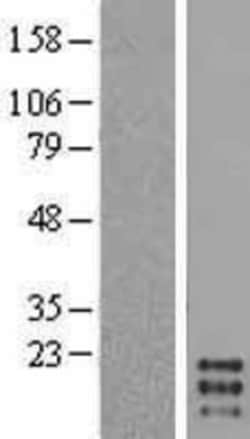 Novus Biologicals&trade;&nbsp;GM-CSF Overexpression Lysate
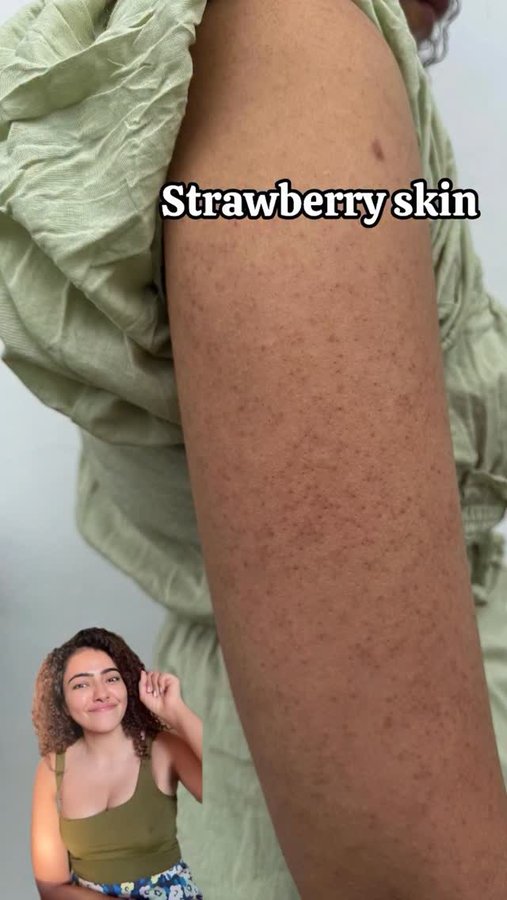 Instagram post by @timsyskinopedia for Foxtale. Caption reads: My new shower obsession: exfoliate, glow,....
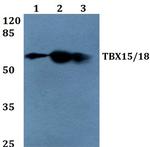 TBX15/TBX18 Antibody in Western Blot (WB)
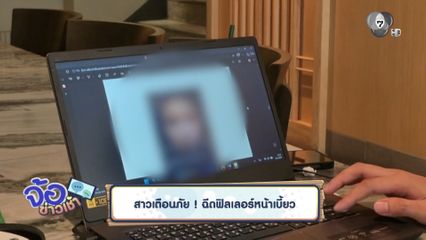 สาวเตือนภัย ฉีดฟิลเลอร์หน้าเบี้ยว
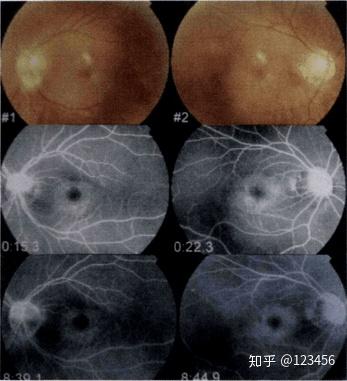 最新藥肺炎詳解，你需要知道的一切——健康小紅書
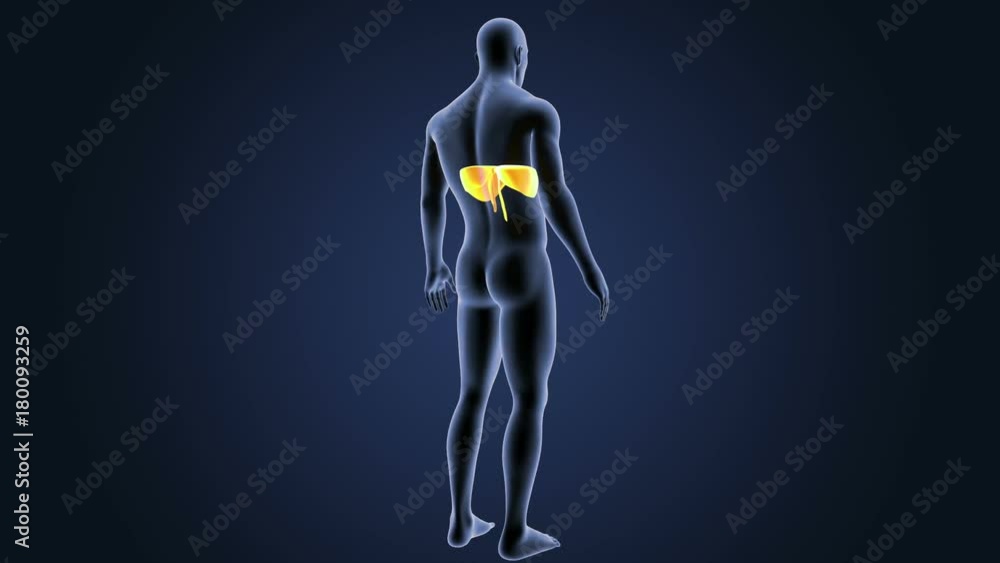 Diaphragm with Body Diaphragm with Body
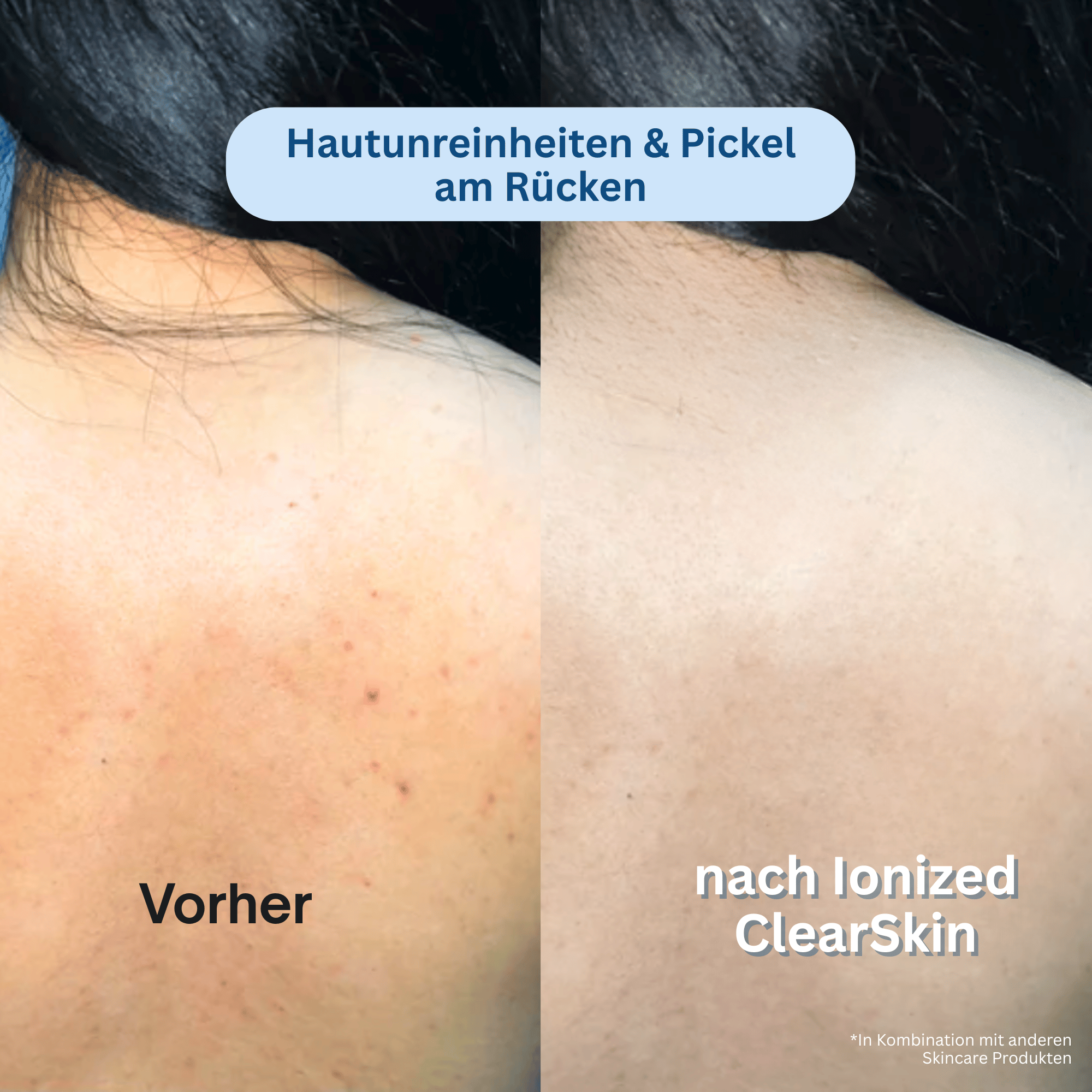 Ionized™ ClearSkin Peeling Duschtuch - Full Routine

• • • •

= Task prompt =
What is needed is the whole listing again, set down exactly, without its pictures.

= Answer space =
 Novus Biologicals&trade;&nbsp;GM-CSF Overexpression Lysate
 Instagram post by @timsyskinopedia for Foxtale. Caption reads: My new shower obsession: exfoliate, glow,....
 TBX15/TBX18 Antibody in Western Blot (WB)
 สาวเตือนภัย ฉีดฟิลเลอร์หน้าเบี้ยว
 最新藥肺炎詳解，你需要知道的一切——健康小紅書
 Diaphragm with Body Diaphragm with Body
 Ionized™ ClearSkin Peeling Duschtuch - Full Routine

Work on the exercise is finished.